Classification Metrics

As mentioned previously, evaluation metrics are tied to the machine learning task. In this section, we will cover metrics for classification tasks. In binary classification, there are two possible output classes. In multi-class classification, there are more than two possible classes.

There are many ways of measuring classification performance:

Accuracy

Accuracy simply measures how often the classifier makes the correct prediction. It’s the ratio between the number of correct predictions and the total number of predictions (the number of test data points).

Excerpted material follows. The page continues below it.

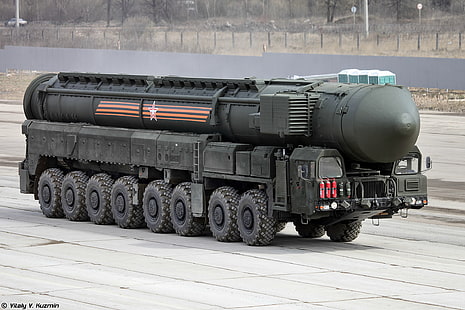 Black SCUD Launcher, Bombe, Rakete, 9. Mai, Siegesparade, die Streitkräfte, ICBM, strategische Raketentruppen, Atomwaffen, YARS, Alabino, SRF, RS-24, HD-Hintergrundbild HD wallpaper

$\mbox{accuracy} = \frac{\mbox{# correct}}{\mbox{# predictions}}$

import turicreate as tc

y    = tc.SArray(["cat", "dog", "cat", "cat"])
yhat = tc.SArray(["cat", "dog", "cat", "dog"])

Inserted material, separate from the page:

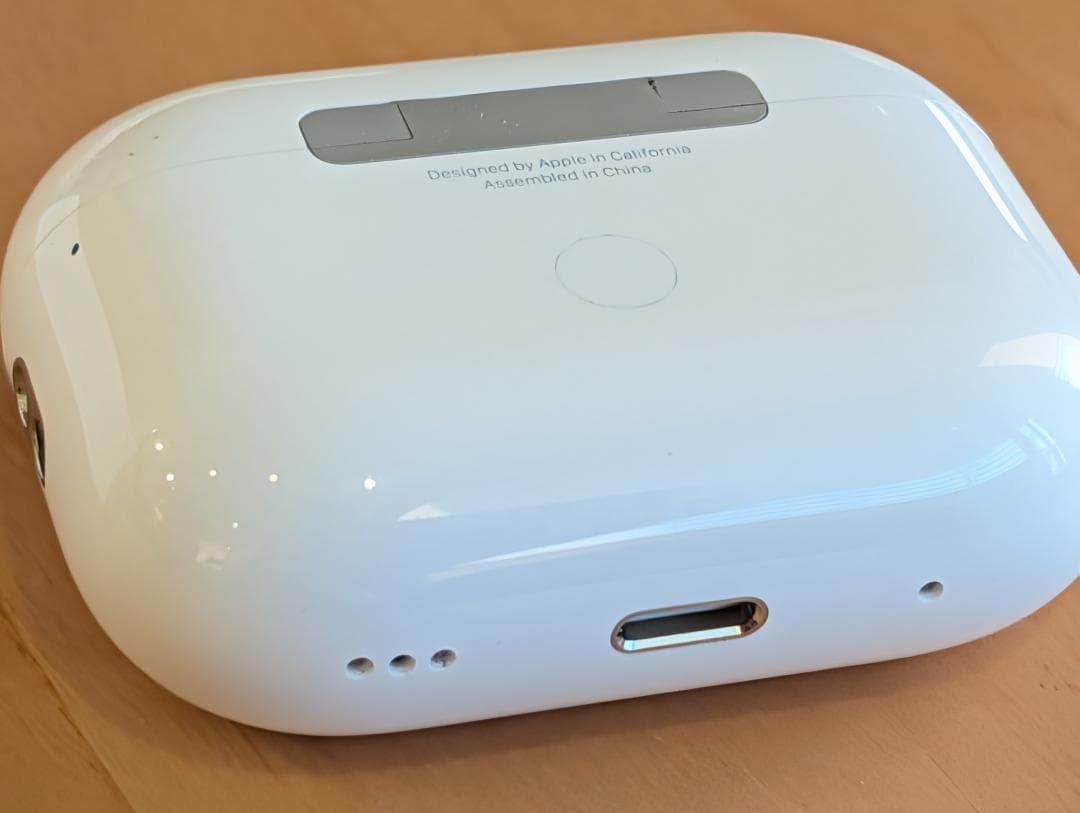 【美品】AirPods Pro 第2世代 MQD83J/A ライトニング端子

print(tc.evaluation.accuracy(y, yhat))

0.75

Accuracy looks easy enough. However, it makes no distinction between classes; correct answers for each class are treated equally. Sometimes this is not enough. You might want to look at how many examples failed for each class. This would be the case if the cost of misclassification is different, or if you have a lot more test data of one class than the other. For instance, making the call that a patient has cancer when he doesn’t (known as a false positive) has very different consequences than making the call that a patient doesn’t have cancer when he does (a false negative).

Multiclass Averaging

The multi-class setting is an extension of the binary setting. The accuracy metrics can be "averaged" across all the classes in many possible ways. Some of them are:

micro: Calculate metrics globally by counting the total number of times each class was correctly predicted and incorrectly predicted.
macro: Calculate metrics for each "class" independently, and find their unweighted mean. This does not take label imbalance into account.
None: Return a metric corresponding to each class, which is the precision for each class.

import turicreate as tc

y    = tc.SArray(["cat", "dog", "foosa", "cat"])
yhat = tc.SArray(["cat", "dog", "cat", "dog"])

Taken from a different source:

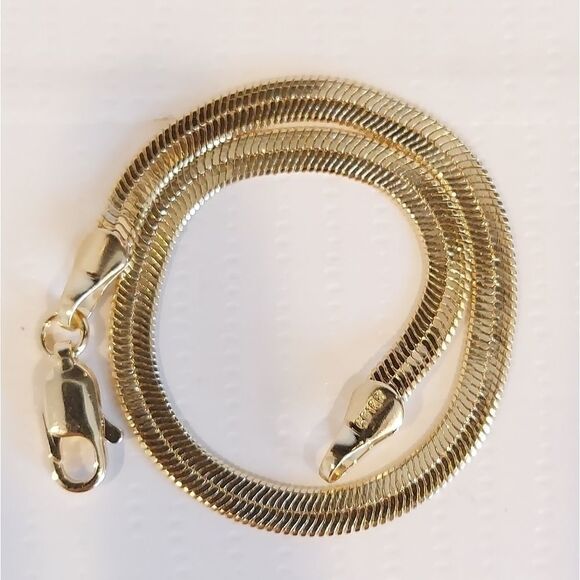 18kt GOLD LAMINATE BRACELET4MM HERRINBGBONE LINK - Picture 3 of 3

print(tc.evaluation.accuracy(y, yhat, average = "micro"))
print(tc.evaluation.accuracy(y, yhat, average = "macro"))
print(tc.evaluation.accuracy(y, yhat, average = None))

0.5
0.6666666666666666
{'foosa': None, 'dog': 0.5, 'cat': 0.5}

In general, when there are different numbers of examples per class, the average per-class accuracy will be different from the micro-average accuracy. When the classes are imbalanced, i.e., there are a lot more examples of one class than the other, then the accuracy will give a very distorted picture, because the class with more examples will dominate the statistic. In that case, you should look at the average per-class accuracy (average="micro"), as well as the individual per-class accuracy numbers (average=None). Per-class accuracy is not without its own caveats, however: for instance, if there are very few examples of one class, the test statistics for that class will be unreliable (i.e., they have large variance), so it’s not statistically sound to average quantities with different degrees of variance.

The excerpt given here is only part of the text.